By Kathryn Marchocki
Boston Herald
July 26, 1992

They were given gifts their parents couldn't afford. They were taken out to "nice restaurants." And they were told they were being singled out and "God loved" them.

Then they were raped, fondled or molested by their priests, said Barbara Blaine, head of a national group of victims of alleged clerical sexual abuse at a Boston conference yesterday.

"We were told we were special in some way. We were singled out ... And we were vulnerable enough to believe that," said Blaine, chairwoman of the Chicago-based Survivors Network for those Sexually Abused by Priests.

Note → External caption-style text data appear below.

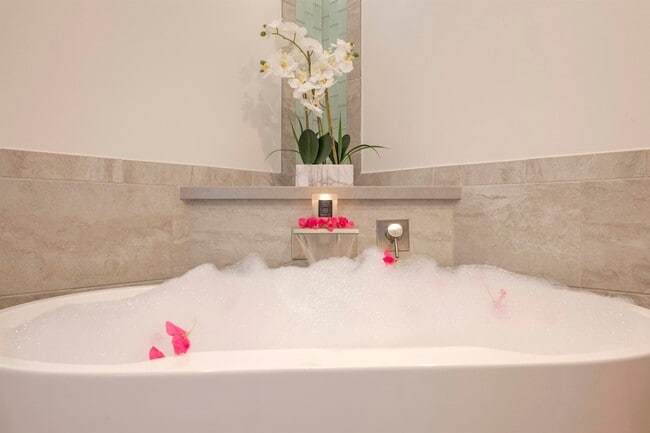 Photo - 912 N Niheu Pl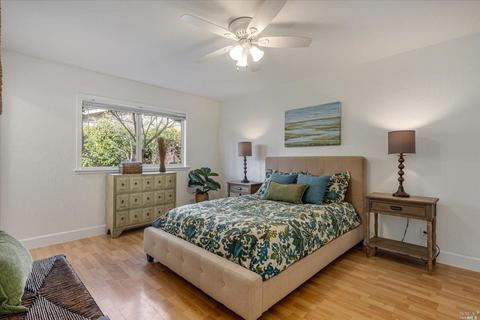 22 Queens Ct, Napa, CA 94558 photo 20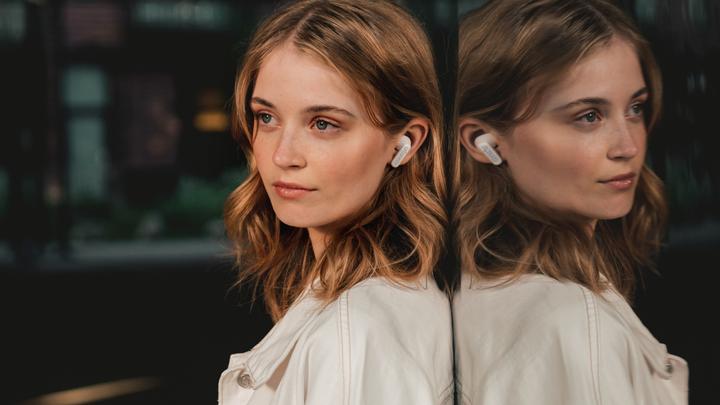 Actual product image Urbanista Copenhagen Bluetooth True Wireless In-Ear Headphones Pure White (No noise cancelling, 32 h, Wireless)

"We feel as children we were sacrificed. We lost a lot of our innocence ... There is no way to reclaim those years," added Blaine, an abuse victim, who founded the group in 1990.

"We question why the church sometimes is more interested in protecting its own image," she said at a press conference. "We are asking the church to acknowledge the reality that this does happen."

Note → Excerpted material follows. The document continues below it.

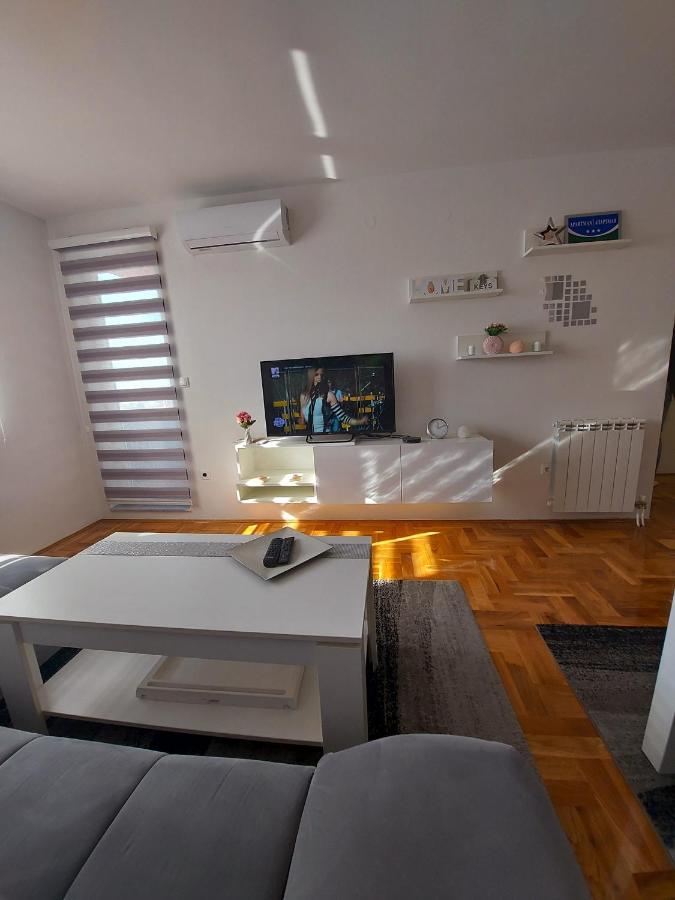 Apartman Victoria Lukavica Ngoại thất bức ảnh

The three-day conference being held at Boston University's School of Management through noon today is one of three held nationally to help survivors of abuse in taking the critical first step toward healing - by telling their stories.

Of the estimated 50 men and women who attended, several named priests in the Boston area and in other New England dioceses who they claim had abused them as youths, Blaine said. The accusations were made during the private sessions closed to the media. She kept the priests' names confidential. But she said they are not among those, like the former Rev. James R. Porter, who have been publicly accused of sexual misconduct.

More than 90 people have accused Porter, an ex-priest now living in Minnesota, with raping or molesting them in Minnesota, New Mexico and Massachusetts during the 1960s and 1970s.

Frank Fitzpatrick, 42, one of about 70 people who have accused Porter with assaulting them while he served in Massachusetts parishes, said some alleged victims are forming a non-profit group called Protect the Children.

Boston attorney Roderick MacLeish Jr., who specializes in clerical abuse cases and represents 62 of Porter's alleged victims, said religious institutions have not handled many of these cases well and must start treating it as a legal issue.

MacLeish said he and alleged Porter victims have been negotiating with the Catholic Diocese of Fall River for several weeks and hope to produce a "state of the art" civil settlement that will promote change in the church.

The conference was the first time about 15 of the 50 survivors, as they call themselves, came forward and openly told of the sexual abuse they say happened to them.

"For years, we have suffered in silence, thinking we were the only ones abused," Blaine said.